Постепенное подчинение церковных и монастырских институтов имперским городам шло давно — с XIV в. В современной историографии эта тема разработана глубоко. Преимущество работ таких ученых, как Б. Меллер, Г.-Хр. Рублак, Г. Р. Шмидт, в том, что они рассматривали проблему не в противостоянии магистрата и клира, а в троичной схеме: община — магистрат — клир. Иначе и невозможно, потому что отношения власти в имперском городе были весьма динамичными: магистрат еще только начал превращаться в орган внешней власти, не потерял зависимости от городской общины (впрочем, полной независимости он никогда и не достиг). На русский язык невозможно адекватно перевести употребляемый исследователями термин «Obrigkeit», означающий не просто «высшая власть», а подразумевающий власть внешнюю, относительно автономную от подданных, некое предустановленное верховенство74. [32]

Природа власти городских магистратов особенно ясно проявилась во время Крестьянской войны — об этом пойдет речь в заключительной главе. Сейчас же важно отметить, что община и магистрат в этой системе представлений были лишены права на частные интересы. Анализ аргументации городских восстаний XIV–XV вв., проделанный в немецкой историографии, показывает, что все программные документы строились вокруг принципов общего блага75. То же касается и магистратов, которые обязаны были служить общему благу, всей общине76.

В свете этой высшей ценности и надо оценивать значение императорских привилегий. Власть не жаловалась императором, а подтверждалась им. Община была источником власти в той мере, в какой деятельность совета способствовала миру и единству. Сама община не мыслилась исключительно светски, несакрально, она определялась как христианский мир малых размеров. (Самая близкая аналогия — «мiр православный). В этом смысле она являлась не просто частью империи, а была ей тождественна. И нормы устанавливал не совет и даже не община, они были божественного происхождения77.

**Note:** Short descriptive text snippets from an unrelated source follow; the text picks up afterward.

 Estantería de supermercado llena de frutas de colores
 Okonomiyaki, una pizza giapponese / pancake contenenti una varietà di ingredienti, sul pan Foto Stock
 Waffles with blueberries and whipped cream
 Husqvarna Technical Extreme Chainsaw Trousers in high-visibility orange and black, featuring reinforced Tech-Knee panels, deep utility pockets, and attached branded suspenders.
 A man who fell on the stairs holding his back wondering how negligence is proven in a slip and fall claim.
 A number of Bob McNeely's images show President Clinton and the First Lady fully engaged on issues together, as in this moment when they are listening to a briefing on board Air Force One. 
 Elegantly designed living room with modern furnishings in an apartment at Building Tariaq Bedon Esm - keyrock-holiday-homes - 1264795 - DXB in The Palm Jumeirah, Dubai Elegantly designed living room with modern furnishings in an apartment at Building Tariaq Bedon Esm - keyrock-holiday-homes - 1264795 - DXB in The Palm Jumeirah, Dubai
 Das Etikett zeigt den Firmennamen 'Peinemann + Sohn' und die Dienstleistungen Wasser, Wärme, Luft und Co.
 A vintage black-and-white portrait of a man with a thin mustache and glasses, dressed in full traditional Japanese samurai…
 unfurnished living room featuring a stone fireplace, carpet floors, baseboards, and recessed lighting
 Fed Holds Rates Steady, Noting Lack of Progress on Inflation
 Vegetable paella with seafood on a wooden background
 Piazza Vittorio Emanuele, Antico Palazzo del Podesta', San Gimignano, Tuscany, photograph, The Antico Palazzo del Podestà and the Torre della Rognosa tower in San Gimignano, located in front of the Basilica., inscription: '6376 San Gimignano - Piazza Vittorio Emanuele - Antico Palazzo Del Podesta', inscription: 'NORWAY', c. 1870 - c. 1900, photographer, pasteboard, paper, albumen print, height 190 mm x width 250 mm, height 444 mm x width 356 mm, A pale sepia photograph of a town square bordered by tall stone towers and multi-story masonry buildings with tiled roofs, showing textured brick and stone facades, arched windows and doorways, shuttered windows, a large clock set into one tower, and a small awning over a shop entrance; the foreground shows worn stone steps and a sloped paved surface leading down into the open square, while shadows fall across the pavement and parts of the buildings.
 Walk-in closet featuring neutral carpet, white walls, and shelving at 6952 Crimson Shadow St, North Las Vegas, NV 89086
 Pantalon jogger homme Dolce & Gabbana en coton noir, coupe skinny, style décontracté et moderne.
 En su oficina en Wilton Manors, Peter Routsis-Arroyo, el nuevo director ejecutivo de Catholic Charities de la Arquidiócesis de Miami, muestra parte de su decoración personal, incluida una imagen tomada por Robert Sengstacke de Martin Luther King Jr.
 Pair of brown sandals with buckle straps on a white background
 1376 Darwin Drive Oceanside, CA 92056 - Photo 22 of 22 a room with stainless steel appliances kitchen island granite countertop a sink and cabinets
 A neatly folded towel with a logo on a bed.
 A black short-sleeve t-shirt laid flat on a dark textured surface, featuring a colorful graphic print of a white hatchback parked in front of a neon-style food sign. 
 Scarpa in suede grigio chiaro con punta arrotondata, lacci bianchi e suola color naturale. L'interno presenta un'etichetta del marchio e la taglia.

Учитывая все это, и следует оценивать свидетельства, содержащиеся в привилегиях. Власть магистратов, сколь бы велика она ни была, ограничивалась неписаными, но более глубоко укоренившимися установлениями. В этом ограничении нельзя не видеть одно из существенных противоречий городского развития, на которое указывали историки–урбанисты, — противоречие между объемом и характером власти городского совета и принципом сотоварищества и равенства бюргеров78. Можно добавить, что это было также противоречие между частными интересами городской верхушки и принципами «общего блага», «мира и единства» в городской общине.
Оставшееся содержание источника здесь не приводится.